DATA IN THIS EXERCISE
◆ ◆ ◆ ◆ ◆ ◆ ◆

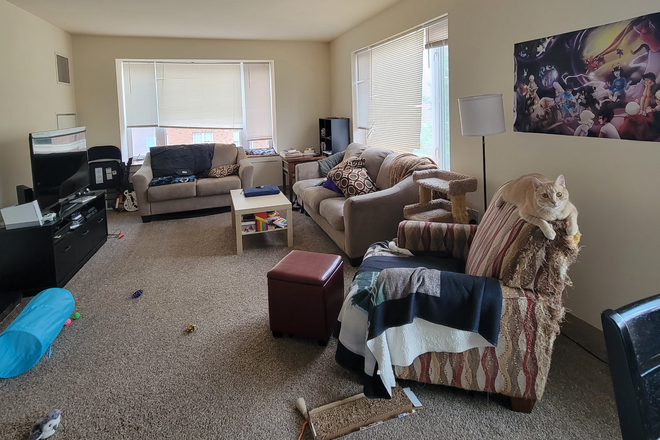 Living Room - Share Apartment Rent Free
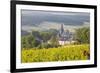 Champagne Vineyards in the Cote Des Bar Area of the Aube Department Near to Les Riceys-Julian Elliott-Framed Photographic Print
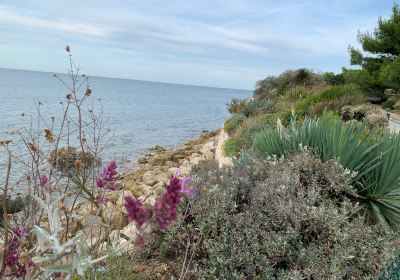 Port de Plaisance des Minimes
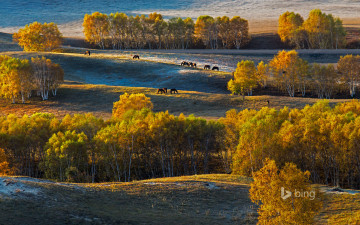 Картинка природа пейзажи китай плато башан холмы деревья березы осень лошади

◆ ◆ ◆ ◆ ◆ ◆ ◆

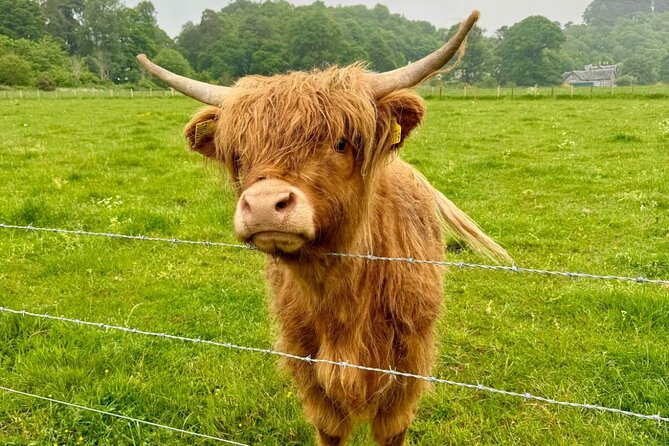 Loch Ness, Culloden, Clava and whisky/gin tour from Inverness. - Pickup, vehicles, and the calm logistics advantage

◆ ◆ ◆ ◆ ◆ ◆ ◆

EXERCISE REQUIREMENTS
From the records above, copy only the lines running from the line containing "Living Room - Share Apartment Rent Free" to the line containing "Port de Plaisance des Minimes", both ends included. Leave the pictures out.

ANSWER AREA
 Living Room - Share Apartment Rent Free
 Champagne Vineyards in the Cote Des Bar Area of the Aube Department Near to Les Riceys-Julian Elliott-Framed Photographic Print
 Port de Plaisance des Minimes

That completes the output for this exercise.